Records:
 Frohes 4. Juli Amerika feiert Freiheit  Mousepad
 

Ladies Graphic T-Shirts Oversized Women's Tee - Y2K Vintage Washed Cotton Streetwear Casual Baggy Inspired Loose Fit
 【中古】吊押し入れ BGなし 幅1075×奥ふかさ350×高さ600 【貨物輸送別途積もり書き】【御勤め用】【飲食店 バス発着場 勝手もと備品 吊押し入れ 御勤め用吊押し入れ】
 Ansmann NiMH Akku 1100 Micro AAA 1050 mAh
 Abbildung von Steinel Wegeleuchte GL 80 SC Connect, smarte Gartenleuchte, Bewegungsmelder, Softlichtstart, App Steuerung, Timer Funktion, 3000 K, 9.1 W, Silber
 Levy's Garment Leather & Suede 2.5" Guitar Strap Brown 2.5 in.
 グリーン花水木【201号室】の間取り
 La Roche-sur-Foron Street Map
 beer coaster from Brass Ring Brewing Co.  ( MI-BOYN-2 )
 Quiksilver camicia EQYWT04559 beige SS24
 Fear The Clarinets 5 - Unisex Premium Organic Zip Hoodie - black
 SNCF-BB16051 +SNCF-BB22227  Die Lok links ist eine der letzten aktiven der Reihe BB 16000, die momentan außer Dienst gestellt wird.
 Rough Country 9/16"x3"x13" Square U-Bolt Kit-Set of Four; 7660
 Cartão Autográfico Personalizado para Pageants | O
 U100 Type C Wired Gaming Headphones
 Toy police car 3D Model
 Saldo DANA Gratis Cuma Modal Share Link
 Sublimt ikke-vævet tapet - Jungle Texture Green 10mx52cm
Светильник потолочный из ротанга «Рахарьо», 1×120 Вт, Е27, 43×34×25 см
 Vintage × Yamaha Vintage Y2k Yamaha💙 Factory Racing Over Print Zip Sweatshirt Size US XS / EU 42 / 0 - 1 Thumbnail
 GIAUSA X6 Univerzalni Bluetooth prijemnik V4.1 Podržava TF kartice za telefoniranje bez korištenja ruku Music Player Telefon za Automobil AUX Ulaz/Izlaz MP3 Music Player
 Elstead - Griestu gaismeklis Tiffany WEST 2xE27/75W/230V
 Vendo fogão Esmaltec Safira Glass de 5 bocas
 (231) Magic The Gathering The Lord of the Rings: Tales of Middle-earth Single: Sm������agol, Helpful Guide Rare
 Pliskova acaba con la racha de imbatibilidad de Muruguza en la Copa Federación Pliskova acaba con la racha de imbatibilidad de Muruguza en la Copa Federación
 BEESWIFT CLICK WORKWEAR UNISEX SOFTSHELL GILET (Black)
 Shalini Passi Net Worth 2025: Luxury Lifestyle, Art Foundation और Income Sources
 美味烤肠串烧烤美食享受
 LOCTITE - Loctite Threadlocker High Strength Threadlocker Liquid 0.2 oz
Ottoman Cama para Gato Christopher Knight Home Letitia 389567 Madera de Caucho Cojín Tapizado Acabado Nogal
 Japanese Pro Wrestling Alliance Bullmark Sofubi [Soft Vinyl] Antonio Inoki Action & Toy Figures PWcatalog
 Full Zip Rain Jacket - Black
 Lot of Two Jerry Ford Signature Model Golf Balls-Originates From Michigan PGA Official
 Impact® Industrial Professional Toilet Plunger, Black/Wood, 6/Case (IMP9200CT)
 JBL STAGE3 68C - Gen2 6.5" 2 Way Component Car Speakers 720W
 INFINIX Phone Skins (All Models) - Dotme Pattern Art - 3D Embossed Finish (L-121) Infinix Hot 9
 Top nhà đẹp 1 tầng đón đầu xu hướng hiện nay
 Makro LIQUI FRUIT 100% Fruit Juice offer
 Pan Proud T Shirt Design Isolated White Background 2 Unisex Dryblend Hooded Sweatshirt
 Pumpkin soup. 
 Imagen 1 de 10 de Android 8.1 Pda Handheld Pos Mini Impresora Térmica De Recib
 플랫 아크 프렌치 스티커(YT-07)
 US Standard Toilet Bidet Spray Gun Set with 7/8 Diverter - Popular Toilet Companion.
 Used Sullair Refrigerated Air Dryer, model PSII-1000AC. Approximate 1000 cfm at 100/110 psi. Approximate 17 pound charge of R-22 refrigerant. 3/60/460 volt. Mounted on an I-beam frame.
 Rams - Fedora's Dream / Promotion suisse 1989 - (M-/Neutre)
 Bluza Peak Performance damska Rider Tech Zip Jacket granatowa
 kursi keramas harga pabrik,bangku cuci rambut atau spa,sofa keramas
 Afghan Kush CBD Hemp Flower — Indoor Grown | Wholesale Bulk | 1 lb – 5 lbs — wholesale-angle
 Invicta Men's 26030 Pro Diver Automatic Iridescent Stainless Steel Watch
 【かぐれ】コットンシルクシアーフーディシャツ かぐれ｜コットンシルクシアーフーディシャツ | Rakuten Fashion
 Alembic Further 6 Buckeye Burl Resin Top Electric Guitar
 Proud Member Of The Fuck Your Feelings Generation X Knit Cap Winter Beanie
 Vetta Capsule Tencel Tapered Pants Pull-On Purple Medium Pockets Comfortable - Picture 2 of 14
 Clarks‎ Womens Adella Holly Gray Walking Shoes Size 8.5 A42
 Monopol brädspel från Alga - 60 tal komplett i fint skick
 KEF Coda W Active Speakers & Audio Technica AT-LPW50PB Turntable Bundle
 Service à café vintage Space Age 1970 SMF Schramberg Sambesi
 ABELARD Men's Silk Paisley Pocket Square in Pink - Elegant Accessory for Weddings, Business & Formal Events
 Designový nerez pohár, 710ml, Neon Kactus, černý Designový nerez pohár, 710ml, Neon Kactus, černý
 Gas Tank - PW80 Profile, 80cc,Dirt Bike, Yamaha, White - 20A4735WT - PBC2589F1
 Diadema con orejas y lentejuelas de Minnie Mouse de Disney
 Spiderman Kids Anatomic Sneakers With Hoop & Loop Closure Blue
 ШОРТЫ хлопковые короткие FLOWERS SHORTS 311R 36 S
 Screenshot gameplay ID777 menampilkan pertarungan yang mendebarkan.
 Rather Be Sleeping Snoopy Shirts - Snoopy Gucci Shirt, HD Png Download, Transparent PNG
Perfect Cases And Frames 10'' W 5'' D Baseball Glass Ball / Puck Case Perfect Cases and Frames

Directions:
Lines from the top of the data above through the line containing "La Roche-sur-Foron Street Map" must be repeated exactly. All other lines stay out.

Solution to this exercise:
 Frohes 4. Juli Amerika feiert Freiheit  Mousepad
 

Ladies Graphic T-Shirts Oversized Women's Tee - Y2K Vintage Washed Cotton Streetwear Casual Baggy Inspired Loose Fit
 【中古】吊押し入れ BGなし 幅1075×奥ふかさ350×高さ600 【貨物輸送別途積もり書き】【御勤め用】【飲食店 バス発着場 勝手もと備品 吊押し入れ 御勤め用吊押し入れ】
 Ansmann NiMH Akku 1100 Micro AAA 1050 mAh
 Abbildung von Steinel Wegeleuchte GL 80 SC Connect, smarte Gartenleuchte, Bewegungsmelder, Softlichtstart, App Steuerung, Timer Funktion, 3000 K, 9.1 W, Silber
 Levy's Garment Leather & Suede 2.5" Guitar Strap Brown 2.5 in.
 グリーン花水木【201号室】の間取り
 La Roche-sur-Foron Street Map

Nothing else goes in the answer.